Belediyelerde çürümüş düzen
İstanbul Cumhuriyet Başsavcılığı’nın yürüttüğü soruşturma, belediye kaynaklarının kimlere peşkeş çekildiğini bir kez daha gün yüzüne çıkardı. 15 Ağustos’ta gözaltına alınan 44 kişiden 17’si tutuklandı. Bu isimler arasında Beyoğlu Belediye Başkanı İnan Güney, özel kalem müdürü, şoförü, koruması ve aile yakınları da bulunuyor.
Savcılığın yönelttiği suçlamalar arasında “suç örgütü kurmak ve yönetmek, rüşvet, irtikap, nitelikli dolandırıcılık ve ihaleye fesat karıştırmak” gibi ağır ithamlar yer alıyor. Dosya, CHP’li belediyelerin içinde bulunduğu çürümüşlüğün boyutunu bir kez daha gözler önüne serdi.
Güney’in savunması: “İftira”
Hakimlikteki ifadesinde suçlamaları reddeden Güney, kendisine yöneltilen beyanların iftiradan ibaret olduğunu söyledi. Açık hava reklam ihaleleriyle ilgili hiçbir ortaklığı olmadığını savunan Güney “Bugün ben Aziz İhsan Aktaş’a iş vermediğim için buradayım. Suç örgütü üyeliğini reddediyorum. Tek örgüt üyeliğim Cumhuriyet Halk Partisi’dir.” dedi.
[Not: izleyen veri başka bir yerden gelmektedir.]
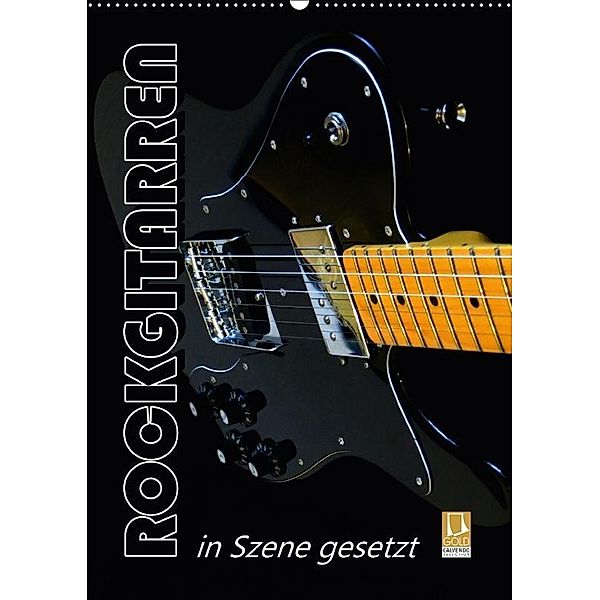 ROCKGITARREN in Szene gesetzt / Geburtstagskalender (Wandkalender 2017 DIN A2 hoch), Renate Bleicher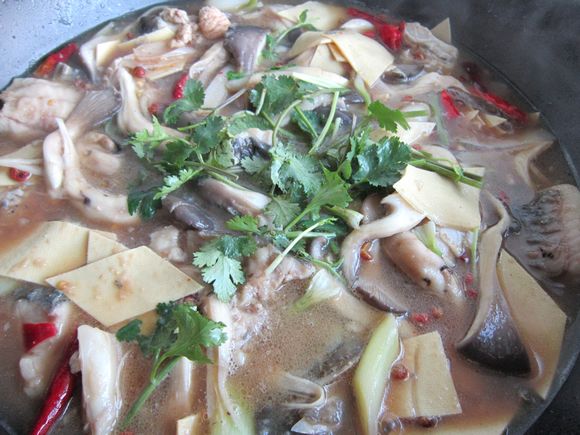 蘑菇燉鯉魚的做法-家常味燉菜譜-易網健康養生網 蘑菇燉鯉魚的做法-家常味燉菜譜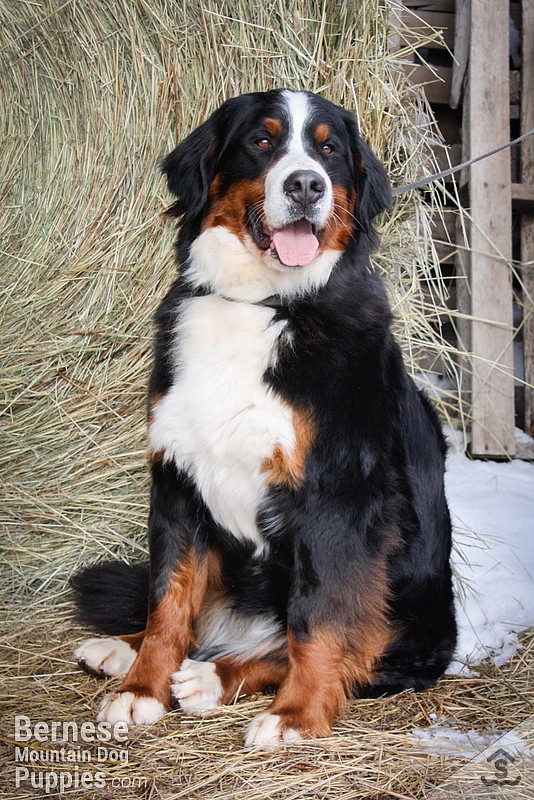 Jessie, adult female bernese mountain dog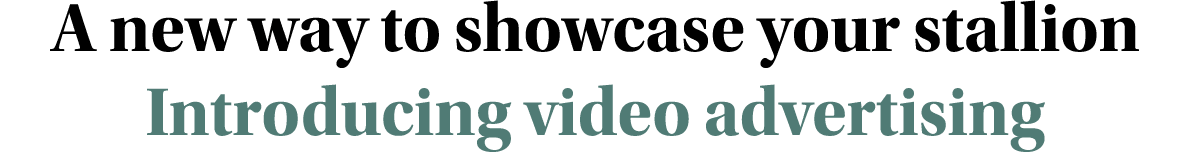 A new way to showcase your stallion Introducing video advertising
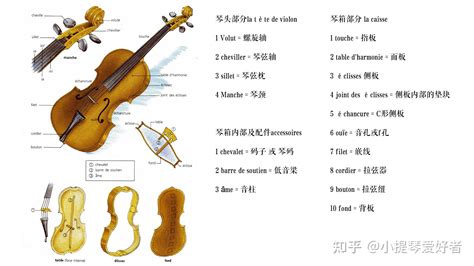 学小提琴前需要了解的学琴基础 | 小提琴作坊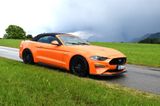 Ford Mustang GT 5.0 V8 ,Cabrio  500 PS Sc... - Ford Mustang: Cabrio, Gt500
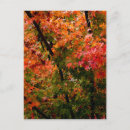 Suche nach japanischer ahorn postkarten Blattwerk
Güney, belediye kaynaklarını koruduğunu, makam aracı yerine kendi şahsî aracını kullandığını da öne sürdü. Ancak dosyada adı geçen ifadeler, belediyelerde dönen ihalelerin şeffaflıktan uzak ve kapalı kapılar ardında yürütüldüğünü bir kez daha ortaya koyuyor.
Siyasî tepki
CHP kanadı, soruşturmayı “siyasi operasyon” olarak niteledi. İstanbul İl Başkanı Özgür Çelik, delilsiz tutuklamalarla ailelerin mağdur edildiğini ileri sürdü. Ancak kamuoyunda ağır yolsuzluk ve usulsüzlük iddialarına dair ortaya çıkan tablo, bu söylemlerin inandırıcılığını zayıflatıyor.
İBB’de devam eden kriz
Bu süreç, Ekrem İmamoğlu’nun görevden uzaklaştırılması ve hakkında yürütülen soruşturmayla birlikte İBB’deki yönetim krizini daha da derinleştirdi. CHP’li belediyelerdeki kirli ilişkiler zincirinin parça parça ortaya çıkması, hem hukukî hem de siyasî açıdan uzun süre tartışılacak görünüyor.
Netice
Beyoğlu Belediye Başkanı İnan Güney’in tutuklanması, sadece şahsî bir dava değil, belediye düzeninde kökleşmiş yozlaşmanın da göstergesi oldu. CHP kanadı mes'eleyi siyasî bir operasyon olarak lanse etmeye çalışsa da iddianamede yer alan suçlamalar, bu düzenin ne kadar çürümüş olduğunu gözler önüne seriyor.